• PROVIDED INFORMATION:
[Start of section]

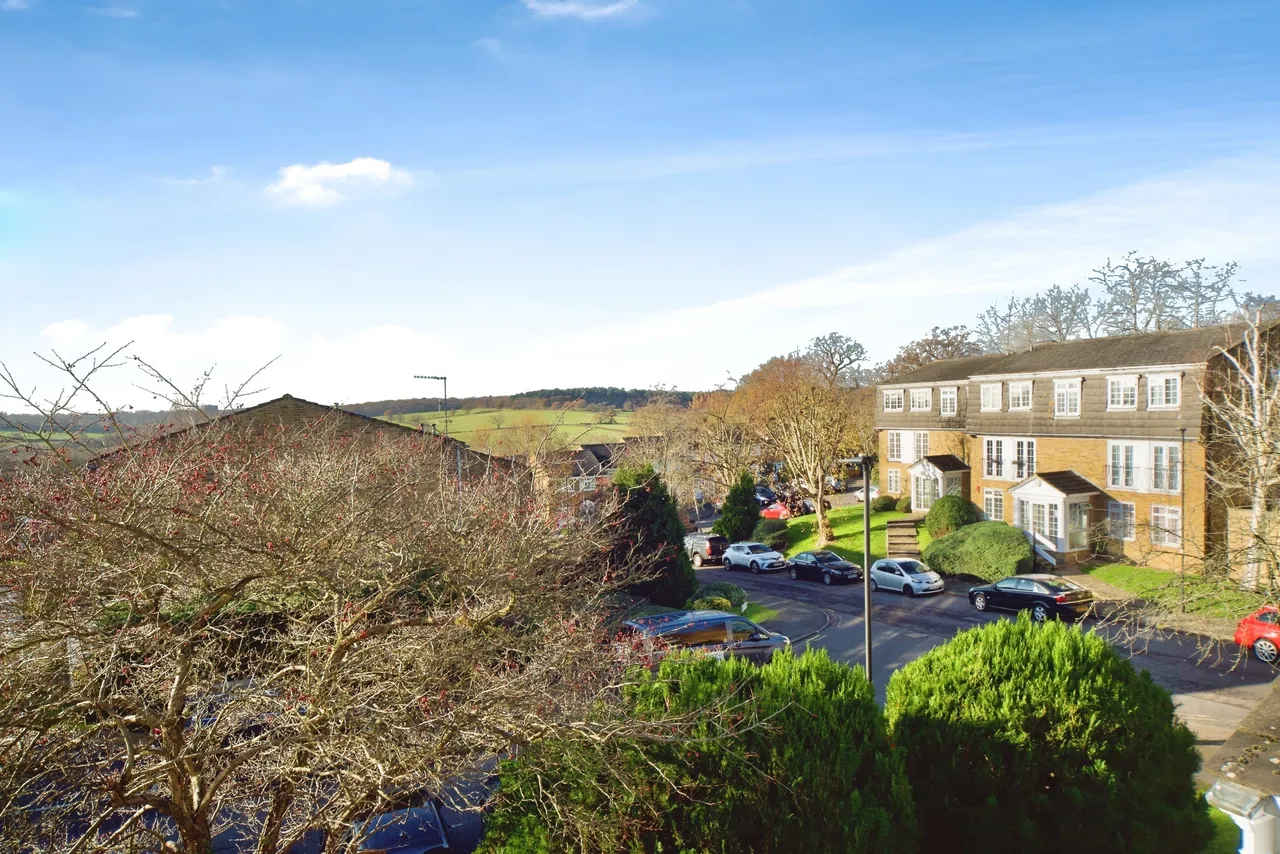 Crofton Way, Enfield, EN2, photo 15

[End of section]
[Start of section]

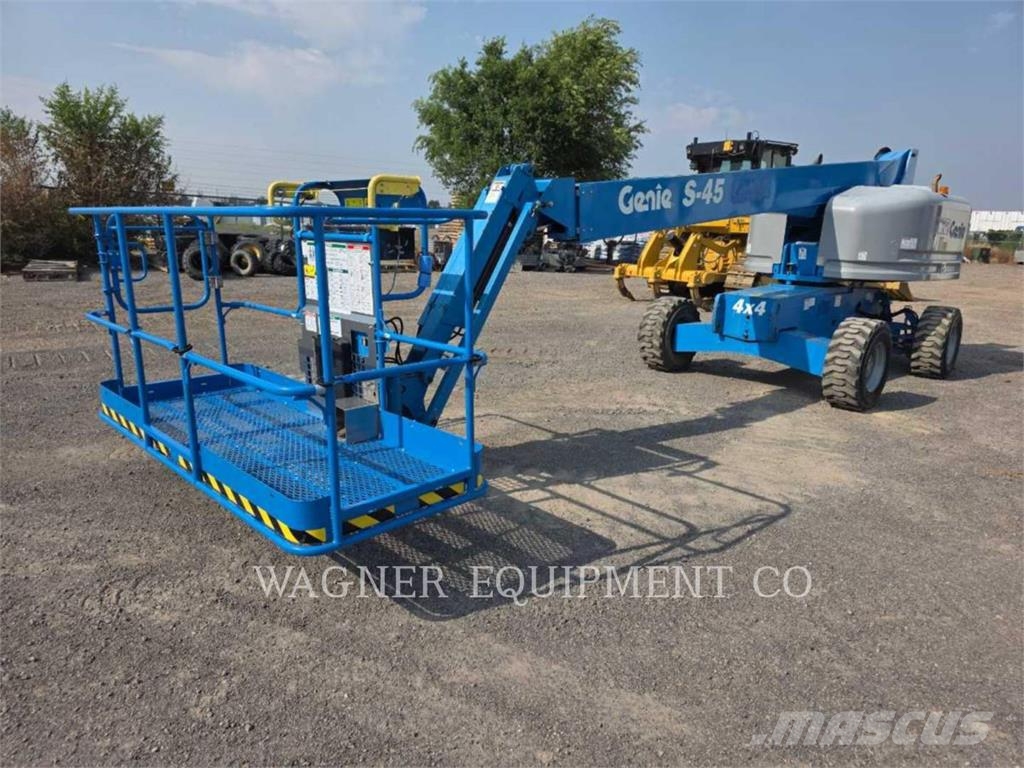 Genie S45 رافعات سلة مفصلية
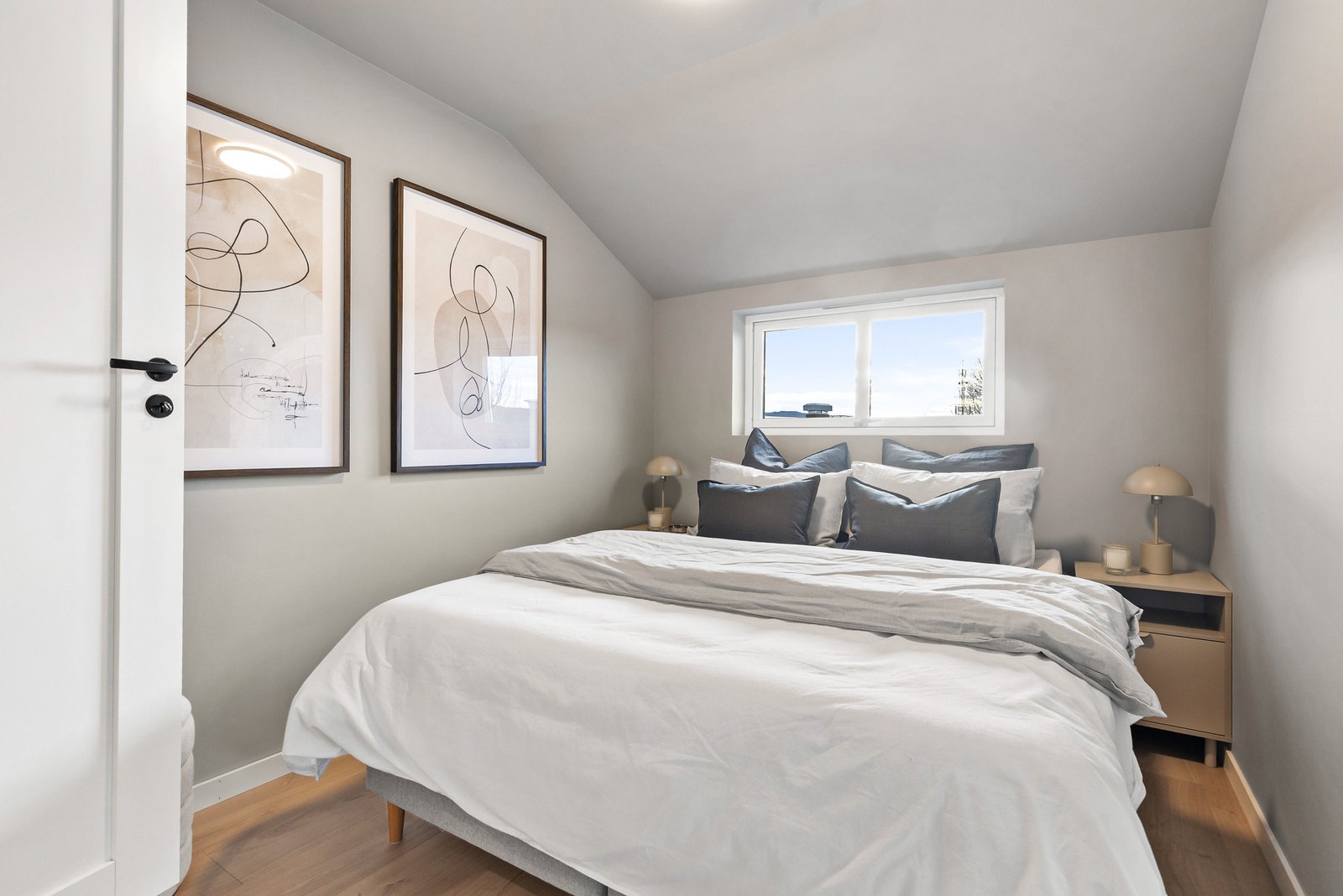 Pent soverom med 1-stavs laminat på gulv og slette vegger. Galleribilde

[End of section]
[Start of section]

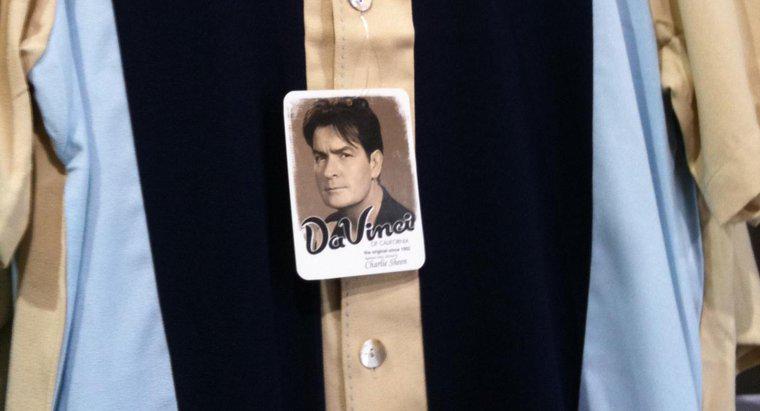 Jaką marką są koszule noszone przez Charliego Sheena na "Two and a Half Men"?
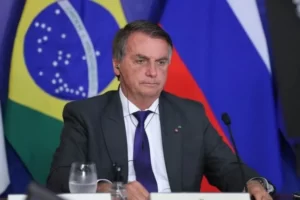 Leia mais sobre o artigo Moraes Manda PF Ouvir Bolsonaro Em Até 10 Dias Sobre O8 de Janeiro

[End of section]

• WHAT IS NEEDED: I'd like the lines above repeated exactly, from the one that contains "Genie S45 رافعات سلة مفصلية" through the one that contains "Pent soverom med", with no pictures.

• SOLVED EXERCISE:
 Genie S45 رافعات سلة مفصلية
 Pent soverom med 1-stavs laminat på gulv og slette vegger. Galleribilde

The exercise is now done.